29 July 2011

SACP celebrates 90 year anniversary

Tomorrow, 30 July, the South African Communist Party (SACP) celebrated its 90th anniversary of unbroken struggle for national liberation. Initially known as the Communist Party of South Africa (CPSA), the party changed its name to the South African Communist Party (SACP) in 1953, after it had been forced underground.

The formation of the CPSA in 1921 was a turning point in the development of labour politics in South Africa. The organised labour movement until the 1920s consisted mainly, but not exclusively, of members from the White working class.

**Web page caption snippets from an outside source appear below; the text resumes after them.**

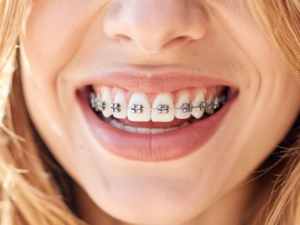 Ortodontik Tedavi 4 Ortodontik Tedavi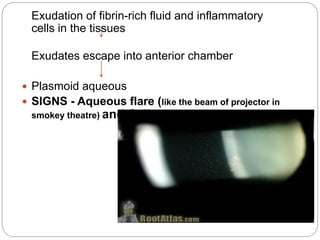 Exudation of fibrin-rich fluid and inflammatory
cells in the tissues
Exudates escape into anterior chamber
 Plasmoid aqueous
 SIGNS - Aqueous flare (like the beam of projector in
smokey theatre) and Cells
 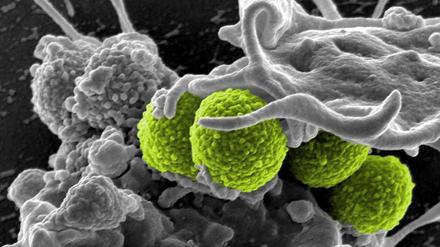 Das am National Institute of Allergy and Infectious Diseases in den USA erstellte Bild zeigt grün gefärbte MRSA-Bakterien, umhüllt von weißen Blutkörperchen.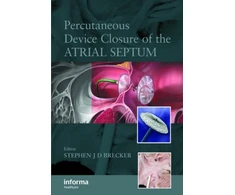 KNYGA Stephen Jd Brecker Percutaneous Device Closure of the Atrial Septum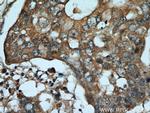 ADAM12 Antibody in Immunohistochemistry (Paraffin) (IHC (P))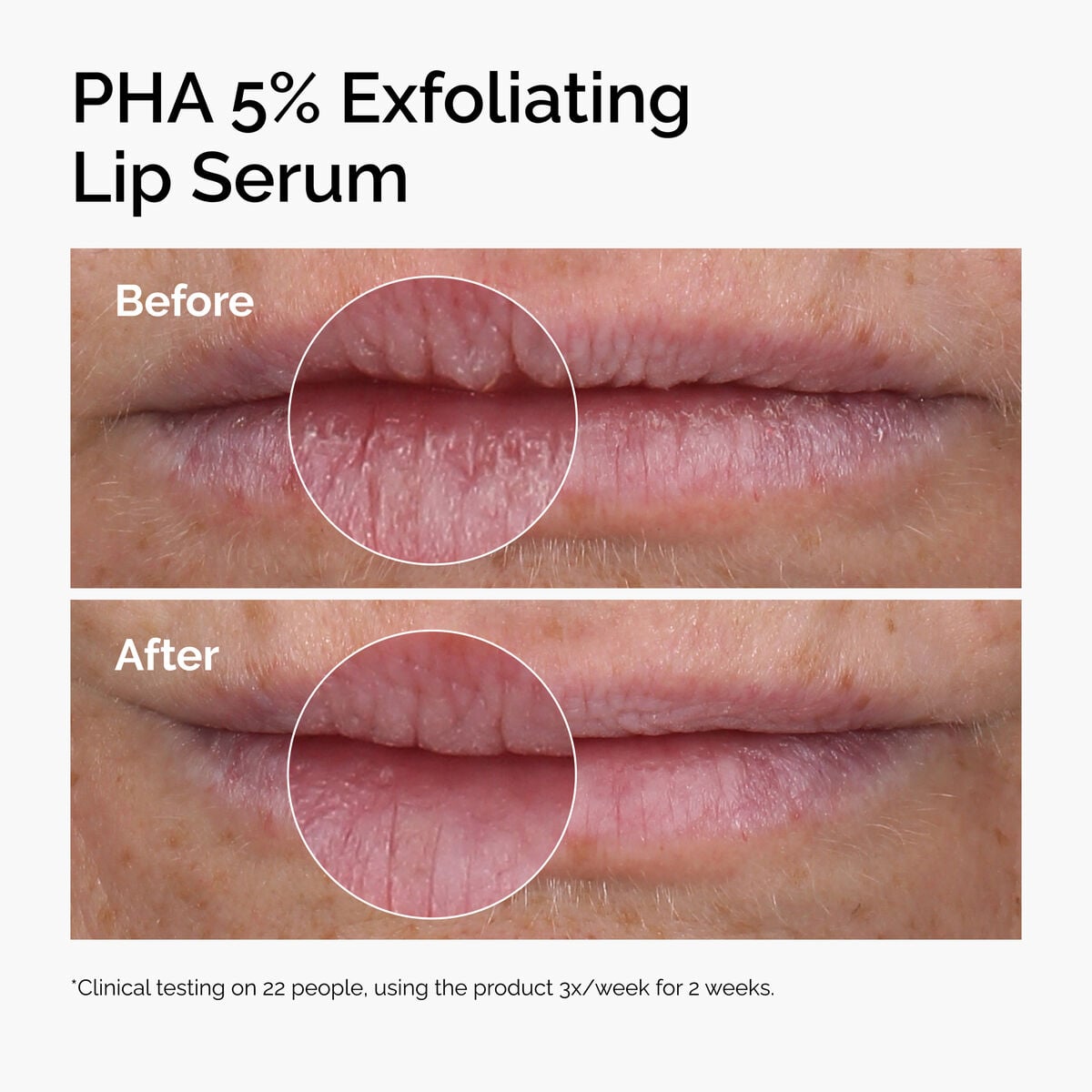 pha-5-exfoliating-lip-serum-h4 ord-pha-5pct-lip-exfoliating-serum-before-after.jpg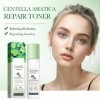 Lotion Tonique À La Centella Asiatica Pour Une Peau Claire Et Radieuse, Aide À Réduire Les Rougeurs Et LInconfort Cutané, So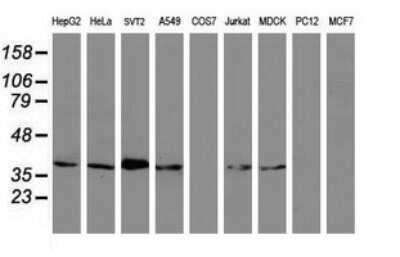 Western Blot MAGEB1 Antibody (OTI4E12)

Since its formation the CPSA worked to change South Africa's political landscape, often in conjunction with other political organisations. One of the most important relationships it maintained was with the African National Congress (ANC). Although the relationship was based on a tumultuous beginning, with the ANC rejecting communism in the 1930s, a strong working relationship to achieve national liberation developed during the 1950s - and this bond extended into the exile years and persists today.

In its involvement in mass struggles that focus on organising workers around issues of workers' rights, the SACP continues to play an important role in South African politics.

SAHA has material of the history of the Communist Party of South Africa (CPSA), later the South African Communist Party (SACP), as well as a new Joe Slovo Collection that is currently been processed, under the SAHA Original Collection. The collections include; a periodised history article, a timeline of events, a list of key figures, and an archive that lists articles/documents/links/books that relate to the history of the SACP.